Médiation dans les quartiers : le cri d’alarme du braqueur repenti
Yazid Kherfi, ex-braqueur, aujourd’hui diplômé en sciences de l’éducation sillonne les cités dans son camion, à la rencontre des jeunes. Il vient de publier un livre dans lequel il explique l’urgence de réintroduire de la médiation dans les quartiers.
« Les maisons de quartier ont des horaires de mairie. C’est une aberration ! Il faut être sur le terrain la nuit pour toucher les jeunes difficiles, sinon d’autres personnes, mal intentionnées, s’en chargeront. » Yazid Kherfi, ex-braqueur reconverti dans la médiation itinérante dans les cités, tire le signal d’alarme. Pour cet homme de 58 ans, qui a grandi au Val Fourré à Mantes-la-Jolie, il est urgent de réintroduire la médiation urbaine.
Il en est question dans son deuxième ouvrage Guerrier non violent, mon combat pour les quartiers, dans lequel il retrace son parcours depuis sa sortie de détention, en 1987.Un livre qu’il a présenté, ce mardi, à la librairie La Nouvelle Réserve à Limay.
« Il faut mettre des gens honnêtes au milieu des gens malhonnêtes, poursuit-il. Moins les jeunes vont s’ennuyer, moins ils feront de bêtises. » Désormais enseignant à l’université de Nanterre (92) en master de sciences de l’éducation,
il se base sur son expérience personnelle pour livrer cette analyse. « En bas de chez moi, le soir, rien n’était ouvert. Les seuls qui m’ont tendu les bras, ce sont les voyous. Il n’y avait qu’eux qui m’aimaient, qui m’écoutaient. »
Les « bonnes rencontres » de l’époque l’ont fait sombrer dans l’abîme. À l’adolescence, pour impressionner les grands, il a enchaîné les petits larcins. Lors de son premier séjour en prison, il rencontre un braqueur qui lui apprend les ficelles du métier. Après, ça a été l’escalade. Jusqu’à ce jour de 1981, où l’un de ses copains meurt, touché par une balle de la gendarmerie après une série de braquages. S’ensuivra une cavale, en Algérie. 1984, retour en France : il est arrêté et passera cinq années en détention.
Ce parcours, il veut éviter que d’autres le reproduisent. C’est pour cela, qu’avec son camping-car, il va de cités en cités, pour « rétablir le dialogue » entre jeunes et institutions. « En cinq ans, j’ai passé 225 soirées avec le camion, en région parisienne et en province », précise celui qui fut fiché au grand banditisme.
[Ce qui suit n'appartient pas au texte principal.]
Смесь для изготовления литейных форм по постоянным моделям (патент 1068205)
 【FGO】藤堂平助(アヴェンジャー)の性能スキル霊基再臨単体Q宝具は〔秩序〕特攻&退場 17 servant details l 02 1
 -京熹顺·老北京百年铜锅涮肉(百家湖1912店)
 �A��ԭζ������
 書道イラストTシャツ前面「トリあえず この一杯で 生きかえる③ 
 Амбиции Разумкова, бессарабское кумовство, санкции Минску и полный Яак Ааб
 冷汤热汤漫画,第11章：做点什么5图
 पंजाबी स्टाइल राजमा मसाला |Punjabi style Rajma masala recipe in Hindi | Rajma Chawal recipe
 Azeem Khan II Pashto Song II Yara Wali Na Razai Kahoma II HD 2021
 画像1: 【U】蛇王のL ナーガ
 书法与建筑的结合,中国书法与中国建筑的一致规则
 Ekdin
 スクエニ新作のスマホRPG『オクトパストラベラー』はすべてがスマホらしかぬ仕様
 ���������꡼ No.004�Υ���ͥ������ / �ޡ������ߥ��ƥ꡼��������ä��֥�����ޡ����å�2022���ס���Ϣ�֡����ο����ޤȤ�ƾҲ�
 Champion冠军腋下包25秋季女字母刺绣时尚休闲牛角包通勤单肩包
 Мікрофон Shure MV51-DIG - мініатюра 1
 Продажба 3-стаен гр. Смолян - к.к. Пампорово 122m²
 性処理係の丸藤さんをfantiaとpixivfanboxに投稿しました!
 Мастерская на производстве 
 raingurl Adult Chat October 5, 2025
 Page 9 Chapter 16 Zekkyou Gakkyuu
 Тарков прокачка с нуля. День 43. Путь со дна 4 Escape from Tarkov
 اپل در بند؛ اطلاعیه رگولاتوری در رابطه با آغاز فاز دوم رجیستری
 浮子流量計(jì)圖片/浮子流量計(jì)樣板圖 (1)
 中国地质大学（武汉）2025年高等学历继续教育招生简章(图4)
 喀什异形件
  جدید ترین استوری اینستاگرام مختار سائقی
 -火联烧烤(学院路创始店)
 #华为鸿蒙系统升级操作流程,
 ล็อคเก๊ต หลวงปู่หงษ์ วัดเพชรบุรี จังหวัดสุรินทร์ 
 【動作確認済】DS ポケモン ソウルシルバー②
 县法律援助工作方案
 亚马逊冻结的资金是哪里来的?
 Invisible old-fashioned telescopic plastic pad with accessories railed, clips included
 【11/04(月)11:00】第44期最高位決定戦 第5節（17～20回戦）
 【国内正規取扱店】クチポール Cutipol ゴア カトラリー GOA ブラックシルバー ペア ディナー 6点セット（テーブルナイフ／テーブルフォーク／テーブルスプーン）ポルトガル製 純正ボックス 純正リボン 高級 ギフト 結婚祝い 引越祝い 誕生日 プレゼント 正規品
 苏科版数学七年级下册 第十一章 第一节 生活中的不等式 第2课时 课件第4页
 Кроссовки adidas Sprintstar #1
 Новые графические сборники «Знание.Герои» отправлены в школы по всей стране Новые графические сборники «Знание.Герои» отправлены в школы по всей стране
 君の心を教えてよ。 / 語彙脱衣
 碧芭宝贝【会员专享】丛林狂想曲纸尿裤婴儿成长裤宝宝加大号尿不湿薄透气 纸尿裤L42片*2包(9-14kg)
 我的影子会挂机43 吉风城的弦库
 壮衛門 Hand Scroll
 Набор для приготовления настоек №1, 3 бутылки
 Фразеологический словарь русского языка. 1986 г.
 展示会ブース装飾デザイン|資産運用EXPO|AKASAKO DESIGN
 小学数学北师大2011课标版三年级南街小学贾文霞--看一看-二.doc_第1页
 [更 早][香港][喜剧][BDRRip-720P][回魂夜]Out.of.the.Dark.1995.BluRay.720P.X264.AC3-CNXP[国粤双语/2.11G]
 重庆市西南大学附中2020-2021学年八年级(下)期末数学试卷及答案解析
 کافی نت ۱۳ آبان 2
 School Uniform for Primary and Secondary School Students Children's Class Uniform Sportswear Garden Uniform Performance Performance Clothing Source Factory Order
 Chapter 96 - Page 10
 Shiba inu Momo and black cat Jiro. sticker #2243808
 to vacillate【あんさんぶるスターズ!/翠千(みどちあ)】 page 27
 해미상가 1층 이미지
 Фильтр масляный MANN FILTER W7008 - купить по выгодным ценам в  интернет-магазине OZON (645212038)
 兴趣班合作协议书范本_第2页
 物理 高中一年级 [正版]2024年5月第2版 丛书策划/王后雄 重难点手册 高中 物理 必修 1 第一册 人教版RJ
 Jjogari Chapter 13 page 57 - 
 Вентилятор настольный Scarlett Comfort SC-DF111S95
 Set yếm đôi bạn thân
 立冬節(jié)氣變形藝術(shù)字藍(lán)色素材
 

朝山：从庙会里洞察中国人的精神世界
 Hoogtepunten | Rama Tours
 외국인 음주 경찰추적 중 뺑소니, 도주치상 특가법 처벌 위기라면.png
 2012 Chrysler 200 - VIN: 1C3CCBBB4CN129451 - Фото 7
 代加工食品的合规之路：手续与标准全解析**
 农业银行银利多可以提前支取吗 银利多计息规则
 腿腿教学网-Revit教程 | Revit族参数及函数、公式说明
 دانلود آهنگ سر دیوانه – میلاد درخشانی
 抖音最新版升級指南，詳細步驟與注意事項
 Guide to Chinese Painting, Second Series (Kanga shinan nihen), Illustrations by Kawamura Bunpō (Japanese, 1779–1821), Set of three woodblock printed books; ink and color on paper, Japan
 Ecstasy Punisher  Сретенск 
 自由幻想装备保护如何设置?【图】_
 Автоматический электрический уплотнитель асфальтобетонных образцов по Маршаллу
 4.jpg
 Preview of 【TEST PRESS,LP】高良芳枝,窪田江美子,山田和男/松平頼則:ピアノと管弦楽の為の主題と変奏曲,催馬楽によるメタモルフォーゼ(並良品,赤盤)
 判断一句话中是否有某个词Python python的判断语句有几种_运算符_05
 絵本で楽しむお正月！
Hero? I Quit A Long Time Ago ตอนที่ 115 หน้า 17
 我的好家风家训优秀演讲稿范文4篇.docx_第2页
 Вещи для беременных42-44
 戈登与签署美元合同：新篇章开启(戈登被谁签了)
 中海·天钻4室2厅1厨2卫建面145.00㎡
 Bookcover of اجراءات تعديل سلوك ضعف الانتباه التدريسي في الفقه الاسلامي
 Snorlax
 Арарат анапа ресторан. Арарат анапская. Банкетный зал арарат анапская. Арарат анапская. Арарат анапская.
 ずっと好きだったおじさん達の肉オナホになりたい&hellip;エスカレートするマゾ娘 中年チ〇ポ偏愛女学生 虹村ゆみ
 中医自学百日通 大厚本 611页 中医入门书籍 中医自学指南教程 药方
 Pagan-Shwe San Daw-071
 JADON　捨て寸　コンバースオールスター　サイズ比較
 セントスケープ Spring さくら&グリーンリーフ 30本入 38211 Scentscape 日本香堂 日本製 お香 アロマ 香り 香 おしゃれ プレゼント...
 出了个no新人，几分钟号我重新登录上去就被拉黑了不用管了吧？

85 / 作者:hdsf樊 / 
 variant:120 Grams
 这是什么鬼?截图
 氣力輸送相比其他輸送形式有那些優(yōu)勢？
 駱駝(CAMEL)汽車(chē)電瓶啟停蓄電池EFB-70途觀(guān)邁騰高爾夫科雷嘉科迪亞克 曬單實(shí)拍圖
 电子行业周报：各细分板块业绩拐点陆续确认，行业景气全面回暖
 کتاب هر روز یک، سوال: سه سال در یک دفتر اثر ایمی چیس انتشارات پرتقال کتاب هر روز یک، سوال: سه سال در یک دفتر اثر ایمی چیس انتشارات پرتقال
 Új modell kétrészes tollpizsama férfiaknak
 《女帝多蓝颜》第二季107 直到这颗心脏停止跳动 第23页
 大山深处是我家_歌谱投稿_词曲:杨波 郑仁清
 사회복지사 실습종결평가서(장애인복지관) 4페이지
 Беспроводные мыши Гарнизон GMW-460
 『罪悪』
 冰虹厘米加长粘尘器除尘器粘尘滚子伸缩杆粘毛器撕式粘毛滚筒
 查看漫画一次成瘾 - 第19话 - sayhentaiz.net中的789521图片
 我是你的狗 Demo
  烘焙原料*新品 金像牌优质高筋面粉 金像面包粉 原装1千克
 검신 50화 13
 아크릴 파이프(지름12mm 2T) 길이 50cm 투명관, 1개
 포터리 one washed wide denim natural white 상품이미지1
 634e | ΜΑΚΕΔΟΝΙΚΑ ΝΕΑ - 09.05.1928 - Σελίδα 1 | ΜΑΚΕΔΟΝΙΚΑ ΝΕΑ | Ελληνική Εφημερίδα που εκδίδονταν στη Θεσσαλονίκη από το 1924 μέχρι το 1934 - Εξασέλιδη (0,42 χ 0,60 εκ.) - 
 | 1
À l’initiative des mairies, jusqu’à minuit, il déploie chaises et tables au milieu des quartiers difficiles, met de la musique, sort les jeux de société et sert le thé à la menthe, pour « recréer du vivre ensemble ».
« Je suis un facilitateur de rencontres entre les jeunes et les représentants de l’État, qu’ils soient policiers ou travailleurs sociaux. J’aide chacun à comprendre l’autre, explique-t-il. Si ces institutions ne comprennent pas les personnes à qui elles ont affaire, elles ne pourront jamais régler les problèmes. C’est du social qu’il faut faire avec ces jeunes désoeuvrées, pas du tout sécuritaire. »
Son camion, une « alternative aux maisons de quartier », est là aussi pour montrer aux municipalités l’intérêt de ce type de structure, et les aider à en développer. Car pour lui, il y a urgence à agir dans ce domaine. « Il faut faire exister ces jeunes. Avec leurs capuches, leurs lunettes de soleil, ils vivent dans les sous-sols. Ils n’existent pas. Jusqu’au jour où ils basculent dans la criminalité pour exister, alarme
Yazid Kherfi. Il faut les entourer d’adultes bienveillants. »
« Des gens honnêtes au milieu des gens malhonnêtes »
PRATIQUE
Guerrier non violent, mon combat pour les quartiers, Yazid Kherfi avec Joséphine Lebard et Bahar Makooi. Édition La Découverte. 15 euros.